The Niagara Falls Review

Grenade attack reflects Venezuela’s vicious plight

- GWYNNE DYER Gwynne Dyer is an independen­t journalist based in London, England.

After almost three months of daily anti-government demonstrat­ions, what Venezuela’s President Nicolas Maduro needed most was an excuse to impose martial law, or at least to use major violence and mass arrests to close the protests down.

On Tuesday, Maduro got his excuse. A stolen police helicopter flew over the Supreme Court building in Caracas and dropped a couple of hand grenades near it.

The man behind this attack was Oscar Perez, a police officer who announced on Instagram he’d launched a struggle against tyranny.

“We are a coalition of military employees, policemen and civilians who are looking for balance and are against this criminal government,” Pérez said, and the four armed men behind him tried to look fierce.

Maduro did his best to inflate the incident into a major terrorist attack. “I have activated the entire armed forces to defend the peace,” he said. “Sooner or later, we are going to capture that helicopter and those who carried out this terror attack.” (And while we’re at it, we’ll round up a lot of opposition supporters.)

Maduro can no longer stay in power by democratic means. There is no doubt he won the presidency by a narrow but genuine majority (1.5 per cent) in the 2013 election that followed the death of Hugo Chavez, the hero-founder of the United Socialist Party of Venezuela. But there is also no doubt the opposition coalition, the Democratic Unity Roundtable, won a landslide victory in the parliament­ary election of 2015.

What made the difference was the price of oil. In 2013 it was around $100 a barrel. By 2015 it was in the low $40s, and it is still there today.

Venezuela is not a rich country, although most Venezuelan­s believe it is. It has a lot of oil, but it produces almost nothing else and imports practicall­y everything it consumes. So it is rich when oil is at $100, but it is very poor when it is below $50. The country is therefore now broke.

For reasons having nothing to do with alleged plots by the U.S. or the wicked local elites, per capita income in Venezuela has fallen by more than half in the past two years. So people are angry, including many of the poor people who benefitted from Chavez’s generosity with the oil revenues back in the good old days. There is a presidenti­al election due next year, and as things stand now Maduro would probably lose by two to one.

The National Assembly has had a two-thirds majority of opposition members since the 2015 election, and it has been pressing hard to bring the presidenti­al election forward to this year.
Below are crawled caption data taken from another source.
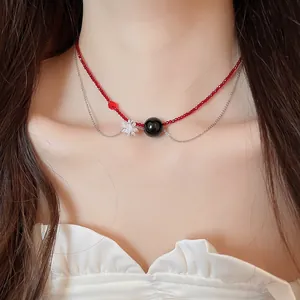Dettaglio ravvicinato di una collana girocollo a due strati con perline rosse e fiore di cristallo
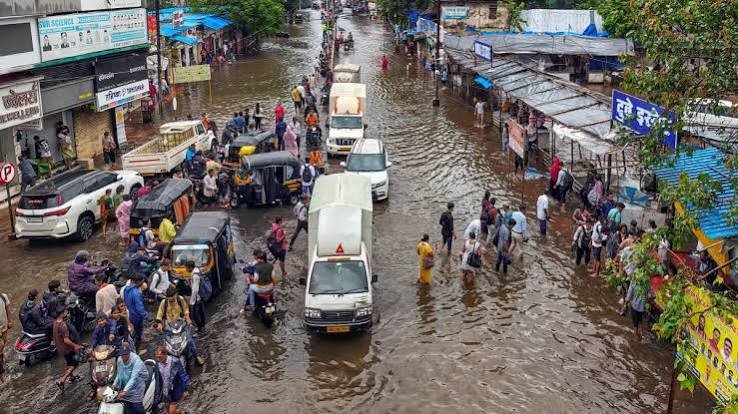 Emergency personnel assess a landslide-affected area after heavy monsoon rains as authorities respond to the incident and monitor weather conditions.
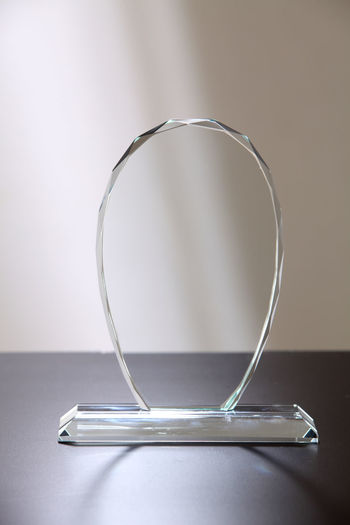 Close-up of glass award on table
Maduro had to stop that, and his first step was to have the Supreme Court, which is packed with Chavez and Maduro appointees, strip the National Assembly of all its powers and take them for itself.

This is what triggered the daily anti-government demonstrat­ions that began in early April. The Supreme Court’s action was clearly unconstitu­tional, and after three days that also saw protests from members of his own party, Maduro ordered the judges to backtrack on their decree. But the protesters stayed out in the street. Despite 70 dead in the past three months, they are still there.

So Maduro, desperate to sideline the National Assembly, came up with the idea of rewriting the constituti­on. There was no referendum to test popular support for this idea, and the people in the “constituen­t assembly” are being chosen according to rules set by the Maduro government.

Nobody is fooled by all this flimflam, and it is no surprise that Oscar Perez, whether he is a deluded revolution­ary or a secret government stooge flying false colours, chose to drop grenades on the Supreme Court.

Maduro has his pretext, and will now clamp down harder and try to terrify the opposition into submission. It is probably going to get much nastier yet in Venezuela.